U of A student creates neat diary of experiences during ICC

Chris Le likes to blog about hiking, singing and, sometimes, suturing up patients.

Lisa Peters and Amy Crofts - 21 June 2012

Chris Le likes to blog about hiking, singing and, sometimes, suturing up patients.
Le, a third-year medical student at the University of Alberta, spent the last nine months in Hinton completing the Rural Integrated Community Clerkship (ICC) program. He documented his time in the town and the program on a detailed blog.
"For me, blogging is a time to reflect," says Le. "It's nice to have to look back on and help me remember what I enjoyed about my experiences."
The ICC is one of two clerkship options available for medical students at the U of A and is offered in various communities across the northern part of the province.
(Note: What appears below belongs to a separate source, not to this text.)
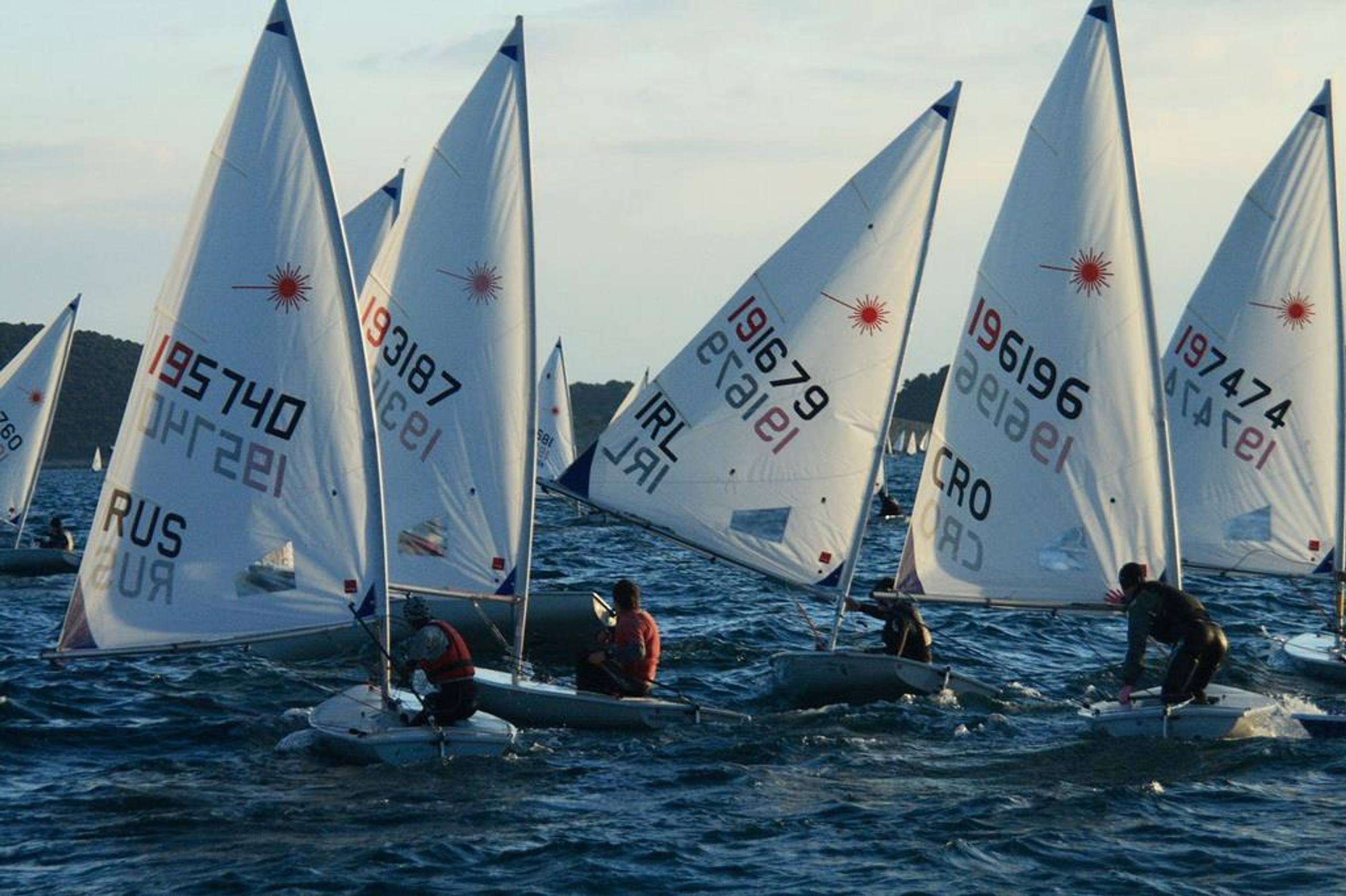 34. Međunarodna novogodišnja regata — Cucin, Hvar, prosinac 2010. — fotografija 57 od 78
Clerkship is the hands-on training that students complete during their latter years of medical school. The ICC program specifically teaches them about the practice of rural family medicine under the supervision of a physician.
Le was looking forward to living in Hinton, located about three hours away from his home in Edmonton, but admits he was nervous moving to a small town he had never been to before.
"Hinton is a terrific learning site," says Le, 26. "It draws a lot people from surrounding areas and has a lot of good medical resources, but I wasn't sure what it would be like to live in a small community."
But completing a clerkship in a rural setting has its perks. Le was able to scrub in on surgeries and perform procedures such as stitching up incisions and administering epidurals that would not otherwise be available to third-year medical students.
"I get to try procedures right now," says Le. "I'm seen as a junior colleague of the health-care team in Hinton…not just a student."
With the ICC program, students get to experience the breadth of rural medicine as they spend time with physicians everywhere from the emergency department to the operating room and long term care facilities. Continuity of care, which can involve following patients from the emergency department to the hospital to the clinic, is also something students in the city don't get to see very often, Le says.
"Rural settings used to be the last place medical students, especially Canadian graduates, would want to practice. But now you see the perceptions turning around because of the diversity rural medicine offers," says Kim Fleming, Alberta Health Services' physician recruiter for the North Zone. "It's great to see Chris blogging about the opportunities in Hinton, where you get to utilize all the skills you're taught in medical school."
Le hopes that keeping a blog will be helpful for future students.
"Maybe someone else in a medical school will want to know what it's like to spend some time in a rural site, and by sharing my experience, I can help them understand that," he says.
When he wasn't working or studying, Le enjoyed attending outings with clinic staff, snowboarding, and singing in a men's choir.
"Building these relationships reminded me how there is much more to being a physician than just the medicine," Le wrote in his blog.